On Sunday we went to the pool. It was the first time we'd been in weeks. More than a month, in fact. Ailments, illnesses, family visiting. All these things kept us away.
Swimming is a beautiful time for my family. It's the one hour a week that the three of us spend time together with no distractions. I can't even begin to explain how important it is to have the phone tucked away, the iPad home and hiding, no laptops, no television, no connection to anyone in the outside world.
Can you tell that I love it?
We have a pattern going now. The three of us swim together, a good half hour or more. Usually more. I get a few minutes in the hot tub if I want to. Or I can swim a few laps solo, while my husband plays with my daughter for a bit. When done I go get my stuff and head to change. Sometimes a shower fits in, sometimes not, but I get a few minutes to myself to decompress.
On Sunday I walked along, ready to go. I looked at myself in the mirror of the locker room. My thighs, their dimples. It wasn't pretty. Dimples belong on faces, don't they?
I looked at my face. Thirty-eight years behind these eyes. I've aged. I've grown. I've got some wise ways. Seen a lot. I'm still a kid in so many ways. But wait. I have one of my own.
I continued dressing and made my way back to the pool to get my daughter.
Her two-piece tank suit so much smaller than my own. Her body so lean, so taut. She was happy. Thrilled. In her naked glory as I helped her dry off and change into her clothes.
"Don't run out behind the curtain!" She asked me why. Why, I thought. Why? "So everyone out there won't see your booty!" I laughed. She did, too. Unblemished skin and all. She shook her booty at me.
We finished getting her dressed and went to sit down at the mirror to dry her hair. My own hair needed it, as well. She could barely stand still. She would barely stand still.
"Honey, please. Please let mommy dry your hair."
She stopped. Walked over. Stood still. When I finished she decided.
"Mommy. I want crazy hair just like yours." I laughed.
"You do?" She nodded.
Crazy hair is when I pull my hair up into a bun and it just sort of flops everywhere.

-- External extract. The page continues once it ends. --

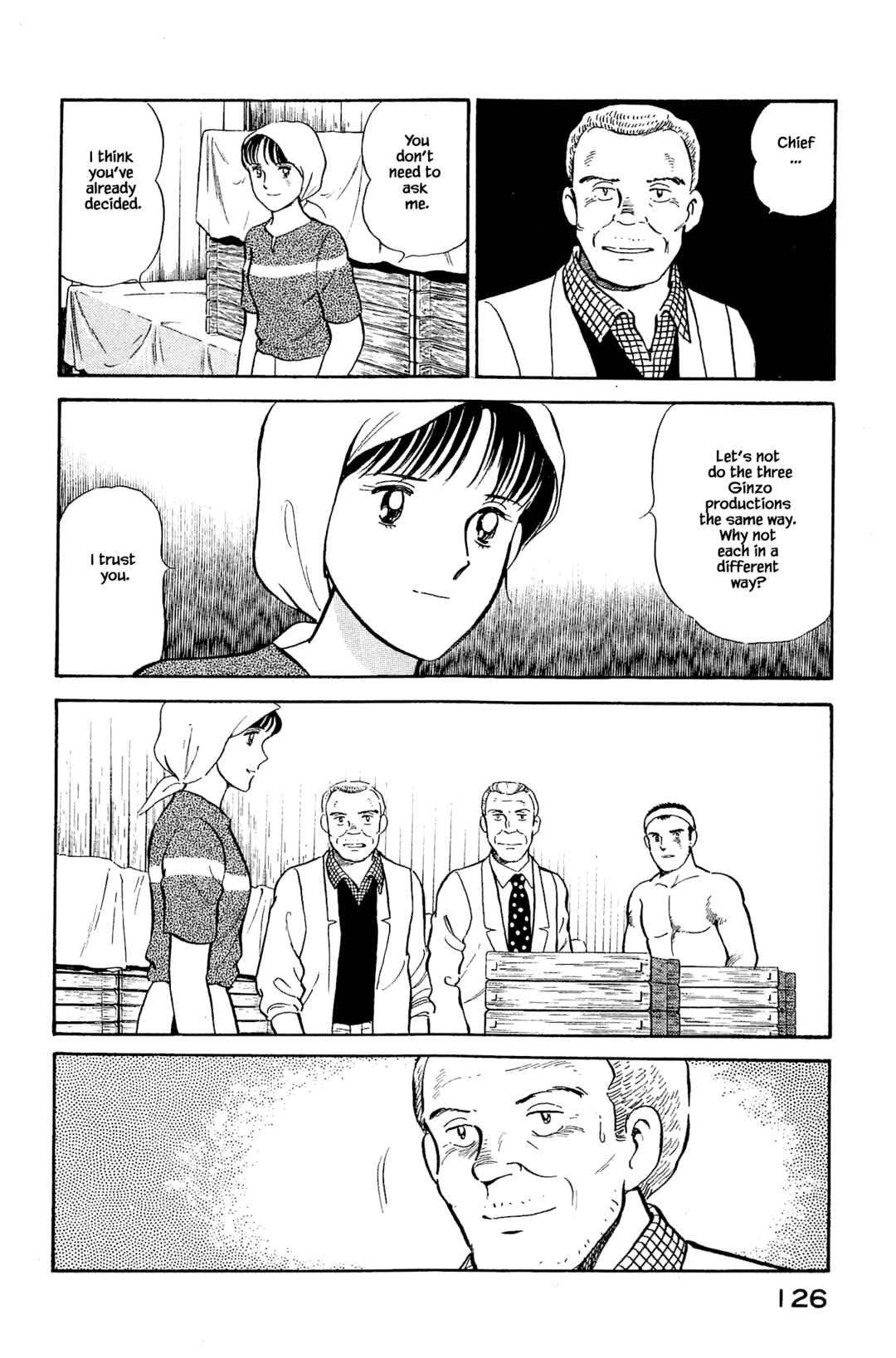 Page 6 Chapter 116 Natsukos Sake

"Are you sure?" She nodded again. "Sit down, OK? Mommy will finish your hair."
She sat in front of me, sneaking peeks in the mirror beside us to check that I was actually doing it. A little tiny and crazy messy bun atop her head. We walked out of there hand in hand. Or maybe it just felt like way. She was a few steps ahead, I'm sure. Running. Carefully. Her little bun bouncing as she went.
She wants to be like me.
There is so much more I need to be. But she? My daughter? She wants to be like me.